The pair are beginning to think about how this model could be adapted into or be used to inform an inventive ticketing system. Imagine subscribing to a friend’s calendar, the friend who always knows about the best shows first. Imagine if every time they booked a show, you got an alert. In an opt-in system, this is entirely possible and even desirable. People naturally curate their lives and being able to share these curations is powerful.

In order to make a system like this work, you need current box offices to talk to eachother and collect the right data. We want last.fm/amazon style recommendations for everything these days, why is theatre so behind? ‘Other audiences also saw this at The Tobacco Factory.’ We need to know how theatre audiences are moving through a city and its arts venues. What are they seeing and where are they going next?

A seemingly huge barrier between conventional box offices and a digital hat is a ticket. People pay money for the experience itself, but they also want to hold a ticket, they want to hold proof they can go in and have proof they were there. Hannah and Seth are working out if it's imperative to have a gesture towards ticketing/giving within this development.

They want to create an alternative to crowd-funding. Hannah believes that crowd-funding makes an audience pay three times: you pay to fund the project, you pay through your taxes and you probably have to buy a ticket too.

However the music scene seems to do crowd-funding better, they start a conversation with their audience. £10 will get you a copy of the album once it’s released. £25 will get you a signed copy. £50 will get you a t-shirt, a signed copy and an on-stage shout-out. £100 will get you a gig in your living room. There is also the option of paying with your own data or with publicity (‘Buy this track for the price of a tweet’). Music has fans, music has merchandise, music has a lot to teach theatre.

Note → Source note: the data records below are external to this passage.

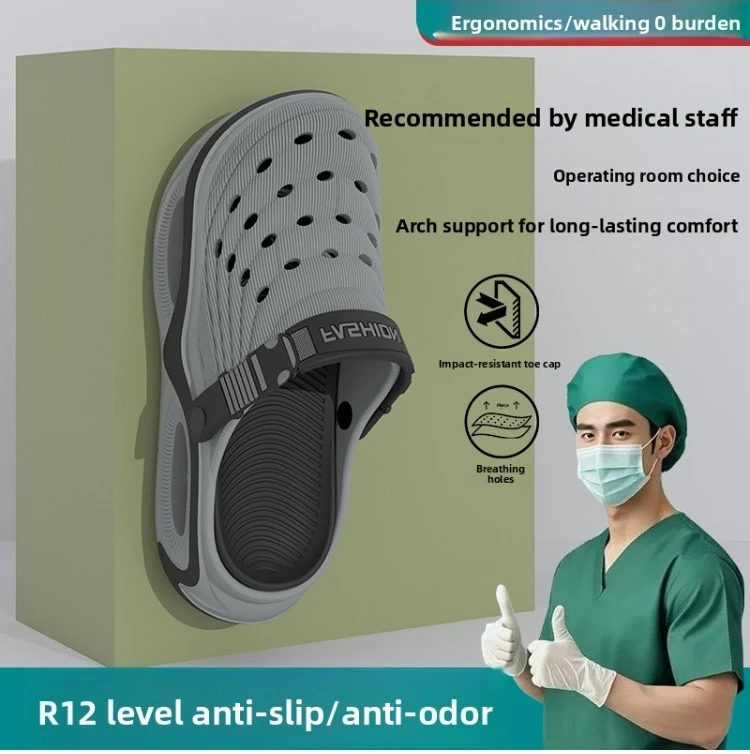 New hole shoes summer EVA comfortable outer wear thick-soled non-slip bag head fishing lightweight men's cool slippers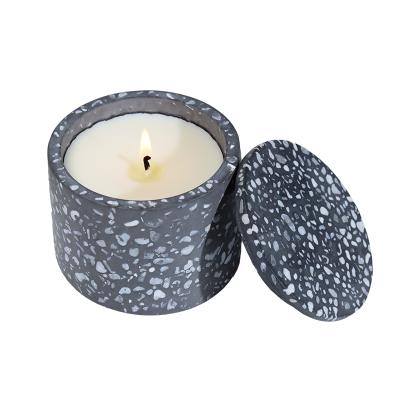 China Home Decoration Round Concrete Candle Jar With Cover Terrazzo Candle Holder Decor for sale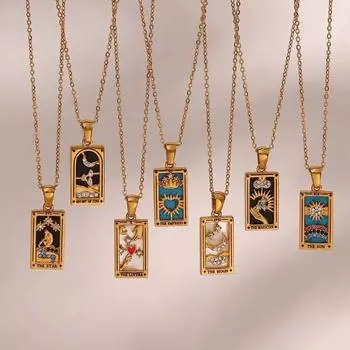 Новый дизайн, рождественские украшения, подарок, красочные геометрические ожерелья Таро из нержавеющей стали для женщин с геометрическим рисунком Луны и Солнца New Chain Empress-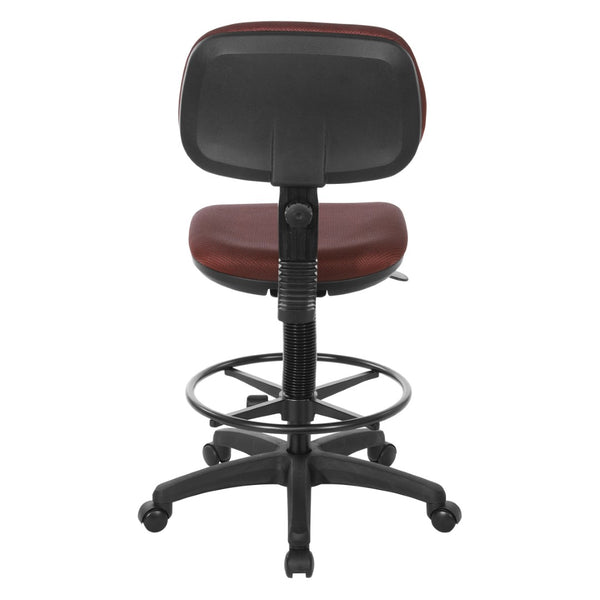 OSP Home Furnishings Sculptured Ergonomic Drafting Chair with Adjustable Footrest for Counter Height Workstations Wine DC517-298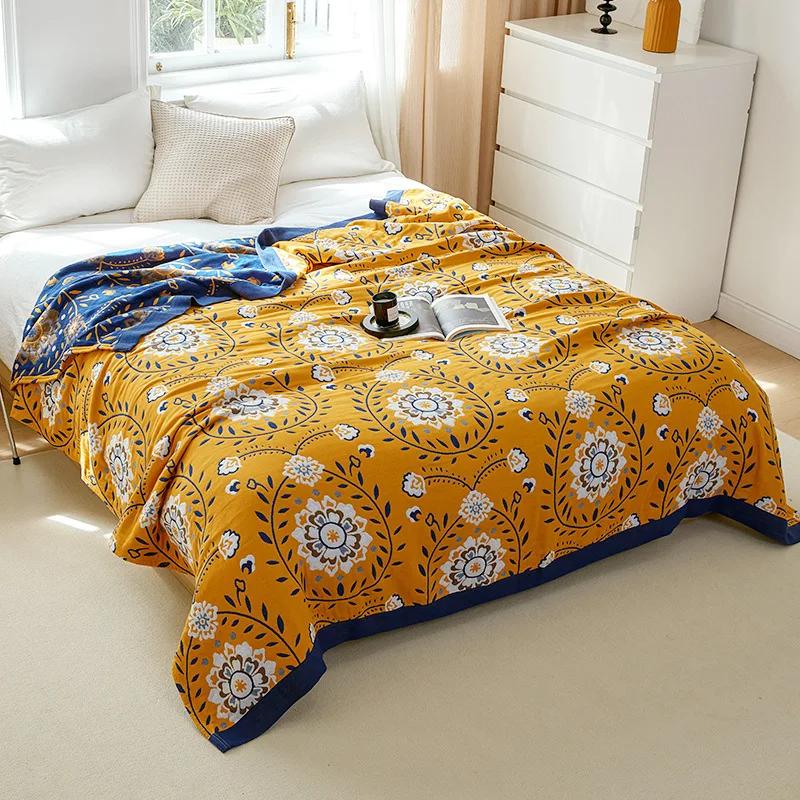 European Leisure Blanket for Beds Luxury Home Textile 100% Cotton Gauze Air-conditioning Blanket Bed Cover Soft Sheet Cool Quilt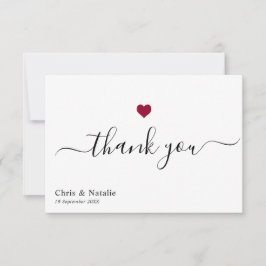 Tarjeta De Agradecimiento Elegante Secuencia Moderna en Rojo Burdeos Corazón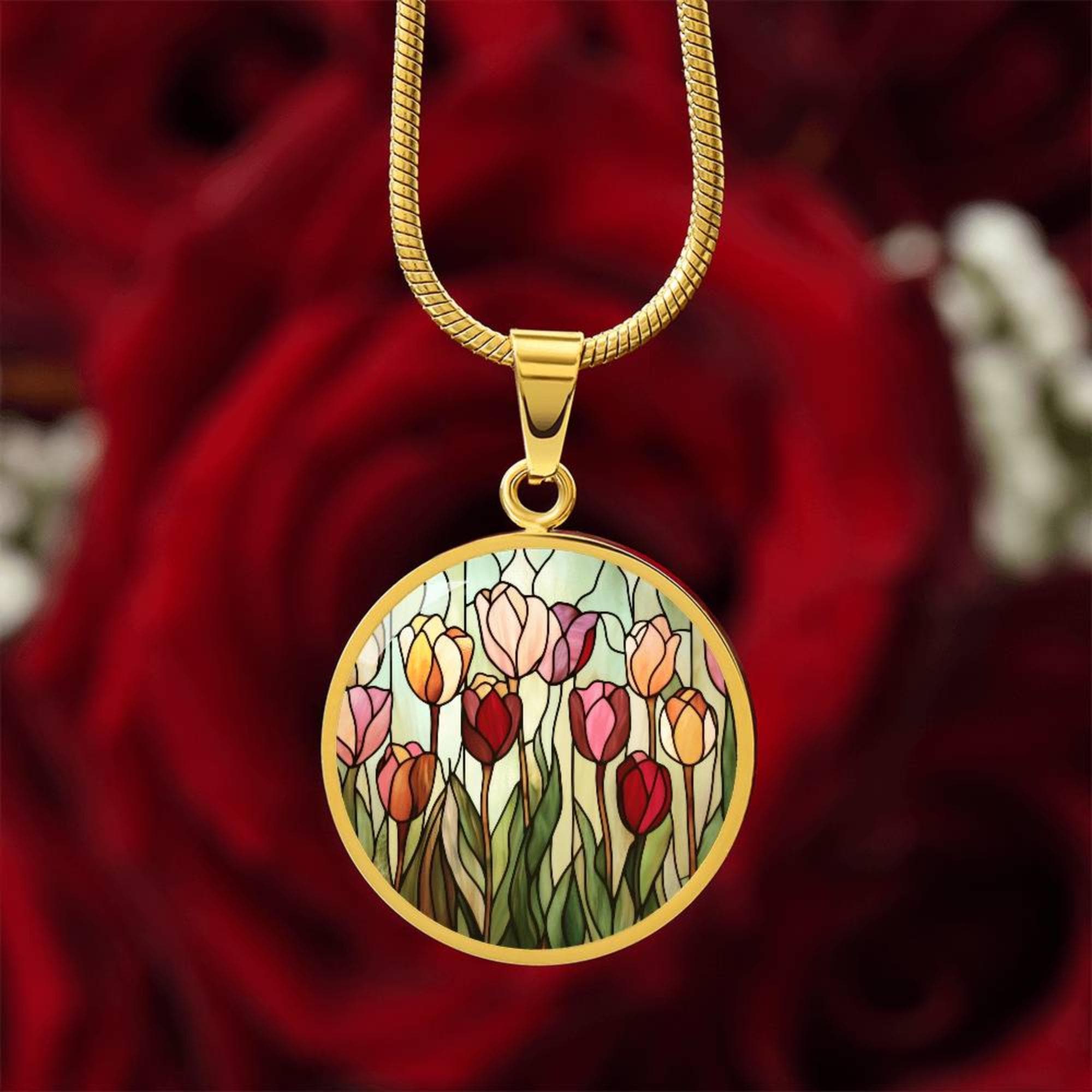 FRANK FLECHTWAREN Set 3 Ciondoli Tulipano In Metallo E Legno 19cm - Decorazioni Primaverili - 2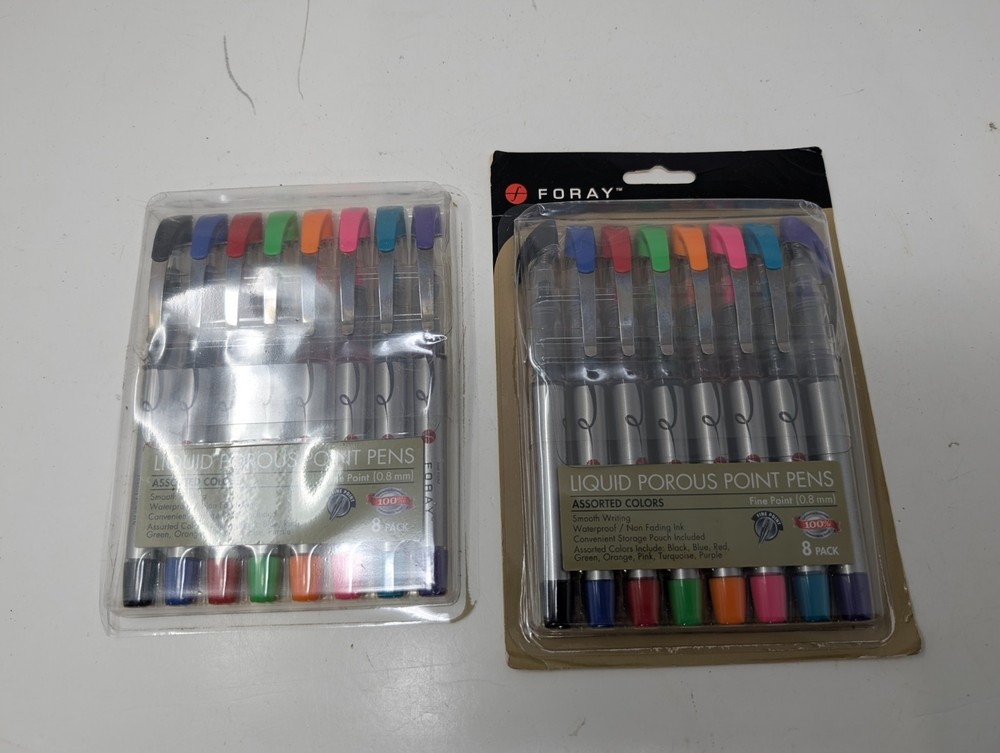 Set of 2 FORAY® Liquid Porous Point Pens 0.8 mm Fine Point Silver Barrel (57)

Seth closed off their presentation with a final thought. Could this project be led by form and not content? Should the digital hat be created solely for performance, or should it be a platform that can be re-appropriated for other things?

Some closing provocations from the audience included: Will a ‘paying what you think it’s worth’ ethos encourage a populist approach to making art? And a re-emphasis of the fact that there should be a ‘cut through the hassle’ option within the digital hat, for the world-weary, those who want to just pay and not become friends with the artist.

The talk was followed by an open workshop, a ‘rapid-thinking process’ for imagining what form the digital hat might take. This conversation is still very much ongoing.